▶ _Problem to work on_: Repeat the data precisely as given.

▶ _Dataset section_:
══════════════════════════════
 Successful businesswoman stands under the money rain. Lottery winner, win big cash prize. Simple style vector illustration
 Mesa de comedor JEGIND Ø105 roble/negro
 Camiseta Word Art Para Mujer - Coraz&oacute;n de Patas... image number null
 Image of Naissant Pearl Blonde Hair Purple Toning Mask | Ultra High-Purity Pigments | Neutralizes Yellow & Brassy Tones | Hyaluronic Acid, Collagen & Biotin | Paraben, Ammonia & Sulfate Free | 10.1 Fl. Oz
══════════════════════════════
▶ _Answer section_:
 Successful businesswoman stands under the money rain. Lottery winner, win big cash prize. Simple style vector illustration
 Mesa de comedor JEGIND Ø105 roble/negro
 Camiseta Word Art Para Mujer - Coraz&oacute;n de Patas... image number null
 Image of Naissant Pearl Blonde Hair Purple Toning Mask | Ultra High-Purity Pigments | Neutralizes Yellow & Brassy Tones | Hyaluronic Acid, Collagen & Biotin | Paraben, Ammonia & Sulfate Free | 10.1 Fl. Oz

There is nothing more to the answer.